The quest for power, fame, and wealth has destroyed so many people, some have sold their souls to the devil in exchange for these passing things. St. James tells us in our second reading that wherever you find jealousy and ambition, you find disharmony and wicked things of every kind being done… There is so much wickedness in our world today, so much hate, jealousy, and betrayal because of the inordinate quest for power, wealth, and fame. People want to dominate; by all means, they want to be in control, be recognized, and therefore are ready to sacrifice their Christian faith in thanksgiving to the devil.
The apostles argued among themselves about which of them was the greatest, and Jesus apparently knew the content of their argument but pretended and kept his silence. At Capernaum, when they were in the house, Jesus asked his apostles; what were you arguing about on the road? They said nothing. They may have answered nothing out of fear or shame, but they were actually right because their arguments were about nothing. The greatness and position they argued about can only come from our knowledge and our faith in the resurrection power of Jesus Christ. This greatness can only be achieved when we lay down our own strength, ambitions, jealousies, and weaknesses at the foot of the cross to put on the resurrection power of Jesus Christ. That is what Jesus tried to make the apostles understand when he then took a little child, set him in front of them, puts his arms around him, and said to them, ‘Anyone who welcomes one of these little children in my name, welcomes me; and anyone who welcomes me welcomes not me but the one who sent me.

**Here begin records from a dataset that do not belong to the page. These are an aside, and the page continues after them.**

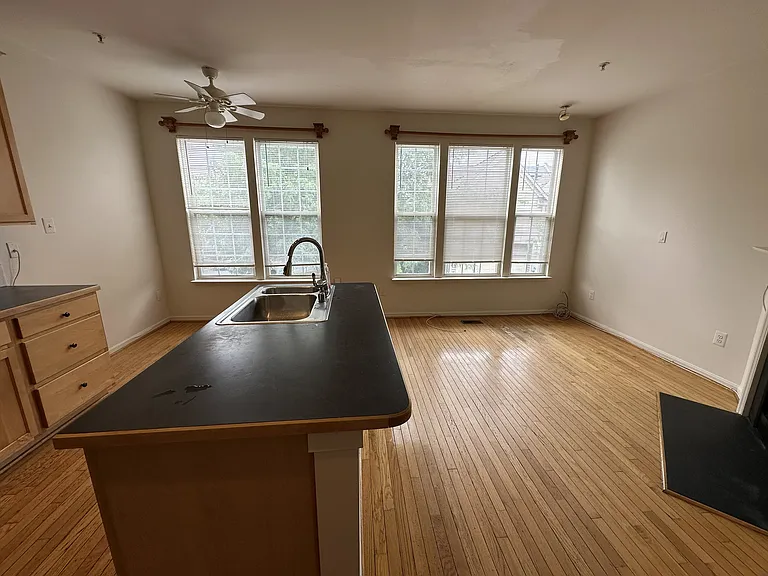 420 Redland Blvd #TOWNHOUSE — Photo 6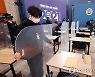대통령 신년 기자회견 준비하는 관계자들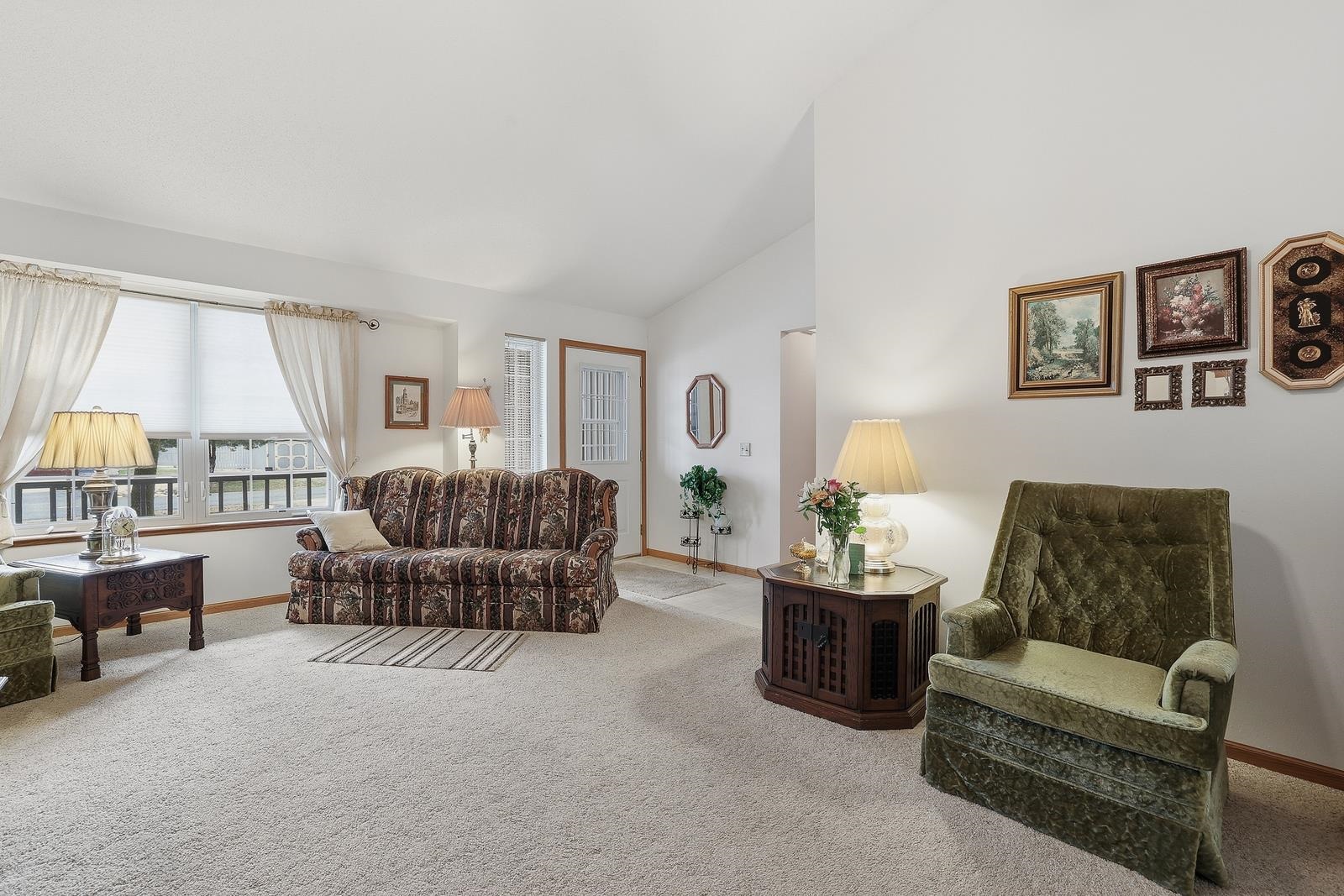 506 N JUNO AVENUE, Marshfield, Wisconsin 54449, 3 Bedrooms Bedrooms, ,2 BathroomsBathrooms,Residential,For Sale,506 N JUNO AVENUE,22601309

Jesus’ choice of a little child sends a powerful message, a message for the apostles, us, and generations after us. A little child is innocent and submissive; he depends on his parents for food, drink, and everything. And that is what Christ wants from us; to be innocent of heart, to be submissive, to depend on him, and to worry not. Little children bother not about the next meal source because they trust the parents to provide that. That childlike trust is what Jesus wants us to develop, to trust him and not to worry ourselves to death. He says; And which of you by being anxious can add one cubit to his span of life? And why are you anxious about clothing? Consider the lilies of the field, how they grow; they neither toil nor spin; yet I tell you, even Solomon in all his glory was not arrayed like one of these. But if God so clothes the grass of the field, which today is alive and tomorrow is thrown into the oven, will he not much clothe you, O men of little faith? (Mt. 628-30). This is not a call to a lazy life; it is rather a call to work hard, to service, and to trust in God.

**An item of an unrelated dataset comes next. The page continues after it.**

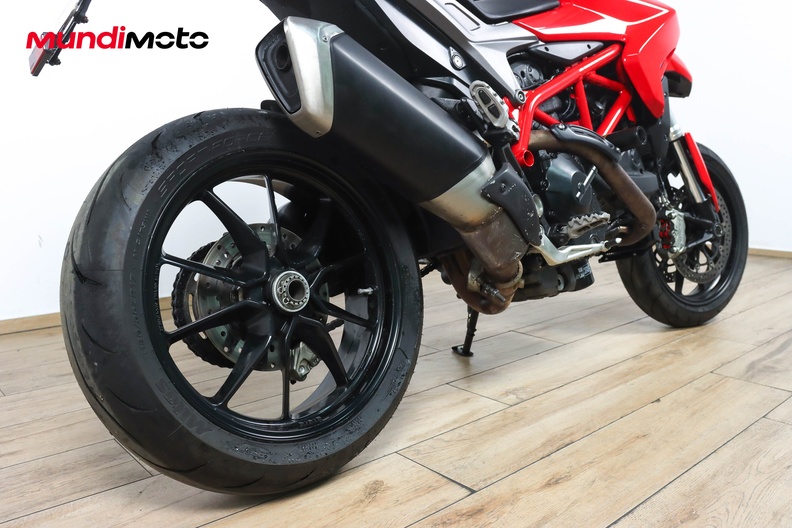 Motorbike image 3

To be rich is not a sin; God blessed Abraham and made him rich; God restored everything Job had lost and made him richer and happier than he was. These men were rich yet remained men of God; they never went out of their way to be rich. No matter how much of these material goods we have, if we have no Christ, we have nothing, but with Christ and the power of his resurrection, we have everything.
Today, let us approach God in our nothingness, in our littleness, in our sinfulness and innocence of heart to ask for the grace to know the effect of the resurrection power in our lives.